I have the following data using the XGBoost regression algorithm to perform prediction. The problem is, however, that the regression algorithm predicts the same output for any input and I'm not really sure why.
data= pd.read_csv("depthwise_data.csv", delimiter=',', header=None, skiprows=1, names=['input_size','input_channels','conv_kernel','conv_strides','running_time'])
X = data[['input_size', 'input_channels','conv_kernel', 'conv_strides']]
Y = data[["running_time"]]
X_train, X_test, y_train, y_test = train_test_split(
np.array(X), np.array(Y), test_size=0.2, random_state=42)

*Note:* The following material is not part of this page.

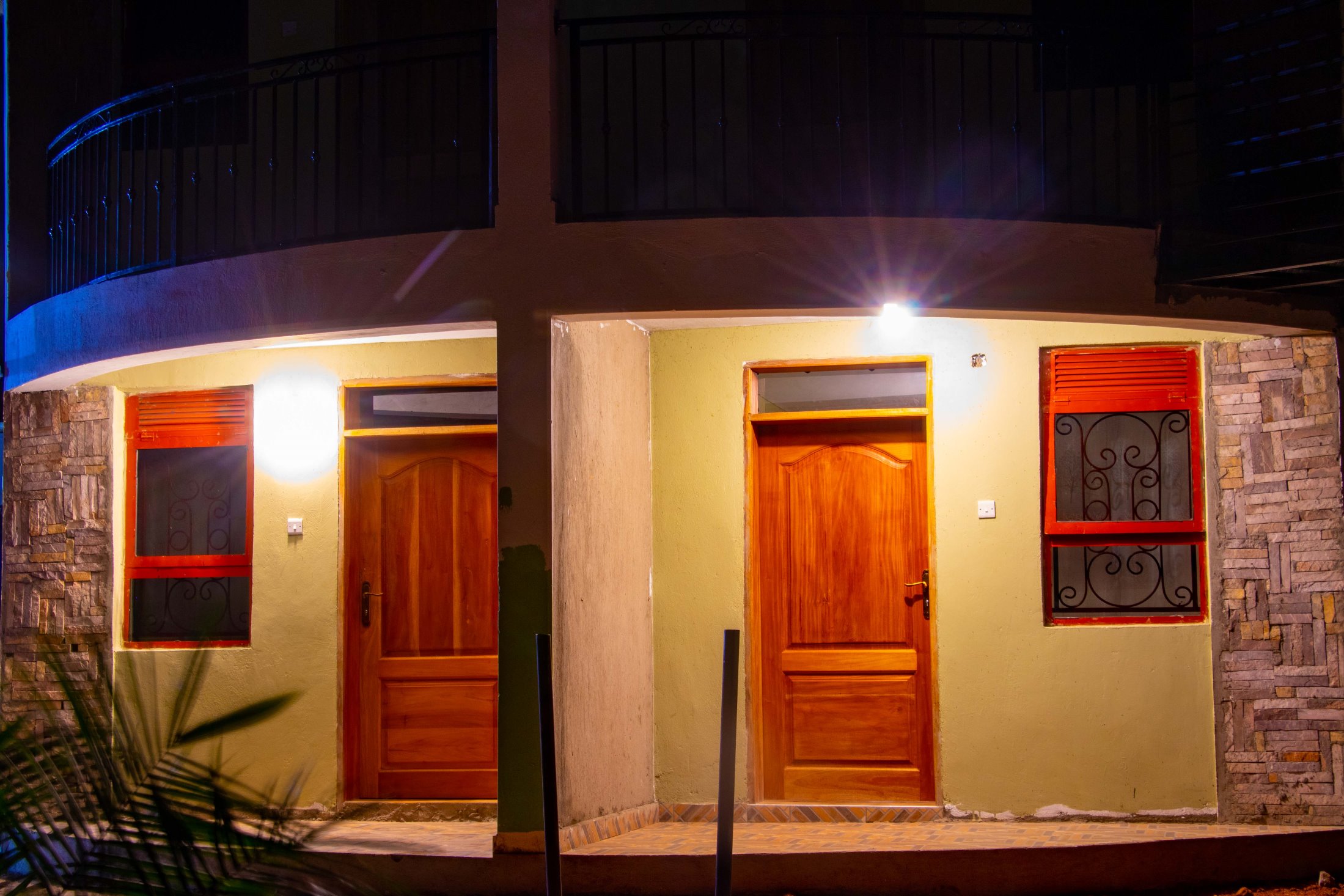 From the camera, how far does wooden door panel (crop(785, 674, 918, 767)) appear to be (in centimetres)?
714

y_train_log = np.log(y_train)
y_test_log = np.log(y_test)
xgb_depth_conv = xgb.XGBRegressor(objective ='reg:squarederror',
n_estimators = 1000,
seed = 123,
tree_method = 'hist',
max_depth=10)
xgb_depth_conv.fit(X_train, y_train_log)
y_pred_train = xgb_depth_conv.predict(X_train)
#y_pred_test = xgb_depth_conv.predict(X_test)

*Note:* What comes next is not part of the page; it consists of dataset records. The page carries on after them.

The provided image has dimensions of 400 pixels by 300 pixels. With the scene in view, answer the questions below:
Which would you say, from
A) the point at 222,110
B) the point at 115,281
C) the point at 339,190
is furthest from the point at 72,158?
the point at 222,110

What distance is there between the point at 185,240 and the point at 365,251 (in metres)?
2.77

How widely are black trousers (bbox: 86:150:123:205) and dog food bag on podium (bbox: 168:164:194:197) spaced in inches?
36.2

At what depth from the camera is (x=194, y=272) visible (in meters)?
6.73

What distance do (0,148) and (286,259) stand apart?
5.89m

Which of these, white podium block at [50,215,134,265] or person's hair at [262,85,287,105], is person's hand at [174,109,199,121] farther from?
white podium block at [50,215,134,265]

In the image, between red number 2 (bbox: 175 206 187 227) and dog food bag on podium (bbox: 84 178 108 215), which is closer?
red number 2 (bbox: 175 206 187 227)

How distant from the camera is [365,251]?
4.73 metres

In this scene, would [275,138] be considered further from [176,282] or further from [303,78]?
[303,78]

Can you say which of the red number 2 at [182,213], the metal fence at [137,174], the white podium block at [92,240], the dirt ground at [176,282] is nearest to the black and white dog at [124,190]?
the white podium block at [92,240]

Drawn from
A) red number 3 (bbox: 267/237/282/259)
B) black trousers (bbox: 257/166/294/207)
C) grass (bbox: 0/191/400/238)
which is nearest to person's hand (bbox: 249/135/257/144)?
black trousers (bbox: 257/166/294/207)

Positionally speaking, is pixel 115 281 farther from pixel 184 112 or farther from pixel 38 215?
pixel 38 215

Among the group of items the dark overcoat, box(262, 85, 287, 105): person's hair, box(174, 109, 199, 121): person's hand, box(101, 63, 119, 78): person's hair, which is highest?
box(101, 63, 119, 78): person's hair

X_data=[[8,576,3,2]] #instance
X_test=np.log(X_data)
y_pred_test=xgb_depth_conv.predict(X_test)
print(np.exp(y_pred_test))
MSE_test, MSE_train = mse(y_test_log,y_pred_test), mse(y_train_log, y_pred_train)
R_squared = r2_score(y_pred_test,y_test_log)

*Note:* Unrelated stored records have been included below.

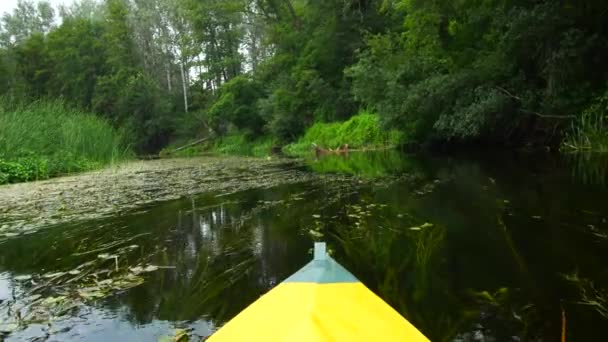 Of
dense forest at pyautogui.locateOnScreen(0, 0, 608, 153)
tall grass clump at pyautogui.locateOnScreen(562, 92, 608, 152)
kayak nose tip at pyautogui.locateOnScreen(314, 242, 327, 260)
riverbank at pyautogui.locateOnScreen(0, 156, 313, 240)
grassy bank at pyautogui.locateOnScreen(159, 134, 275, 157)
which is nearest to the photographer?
kayak nose tip at pyautogui.locateOnScreen(314, 242, 327, 260)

print("MSE-Train = {}".format(MSE_train))
print("MSE-Test = {}".format(MSE_test))
print("R-Squared: ", np.round(R_squared, 2))
Output for first instance
X_data=[[8,576,3,2]]
print(np.exp(y_pred_test))
[0.7050679]
Output for second instance
X_data=[[4,960,3,1]]
print(np.exp(y_pred_test))
[0.7050679]
CodePudding user response:
Your problem stems from this X_test=np.log(X_data)
Why are you applying log
on the test cases while you have not applied it on the training samples?
If you take away the np.log
completely, even from the target (y), you get really good results. I tested it myself with the data you provided us with.